A Demand of Blood
A Demand of Blood
Author Nadia Dean tells the saga of the 1776 war between the Cherokee Indians and frontier settlers, the year marking American Independence.
A Demand of Blood
-Nadia Dean
Most Americans understand the Revolutionary War was fought in defense of human rights and has since been celebrated on the ideals of conquest over tyranny. The conquerors, it is said, are those who record the history we inherit. What we weren’t told, until now, is how the Revolution played out in the backcountry between Cherokees and colonials. Using first-hand accounts from British Indian agents, Cherokee headmen, and colonial militia, A Demand of Blood presents a war fought in the shadows of the American Revolution.

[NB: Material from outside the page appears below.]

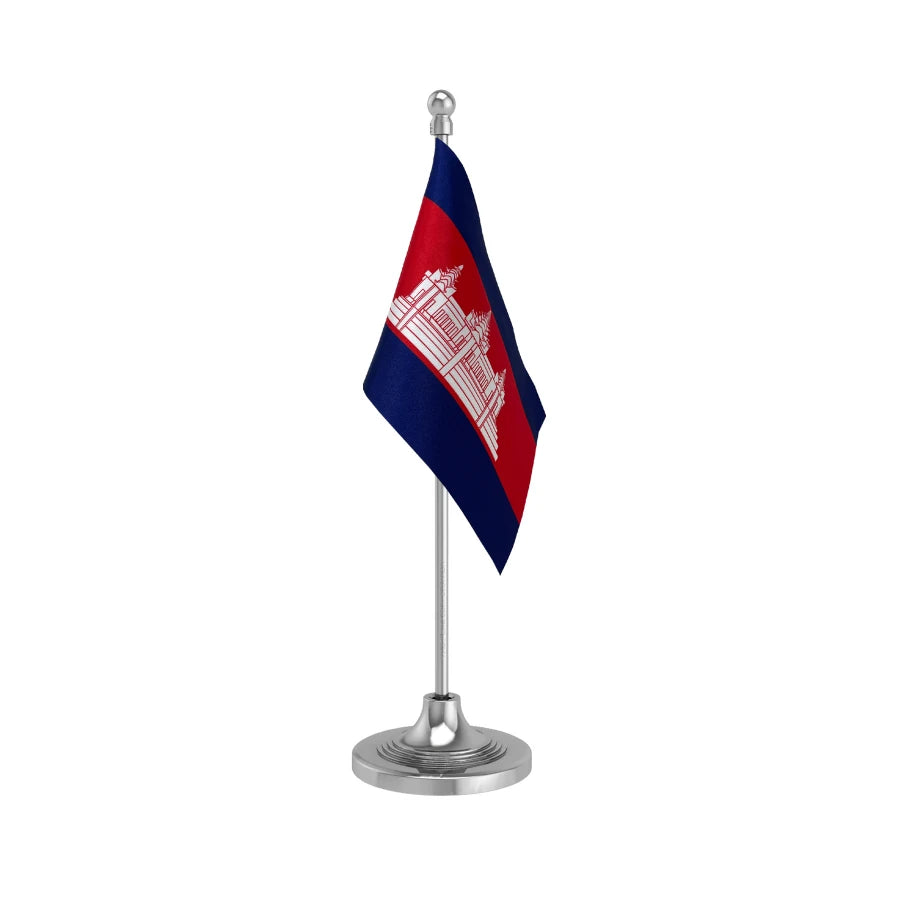 Cambodia Table Flag of 4in x 6in With A Heavy Plastic Base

We see rebels defending frontier settlements as a crucial part of the rebellion against Britain. For the Cherokees, it was their fight for freedom against the inroads of intruding illegal immigrants. After drafting the Declaration of Independence, Thomas Jefferson propounded the necessity of crippling the Cherokees—Britain’s powerful southern Indian ally.
A Demand of Blood introduces for the first time in a historical narrative the legendary Cherokee war chief Dragging Canoe who deftly navigated his way through treachery and betrayal, and led the charge to regain sovereignty over Cherokee land.
In the spring of 1776, a delegation of Mohawk, Shawnee, and Delaware appeared in Cherokee country. In a solemn war belt ceremony, they presented their grievances, making passionate speeches in favor of war. They told of seeing settlers, who, in defiance of the King’s orders, were expanding settlements on Indian hunting grounds, threatening the Indians’ existence. As a result, their nations had reached near-extinction. Nothing short of war would remedy their cause.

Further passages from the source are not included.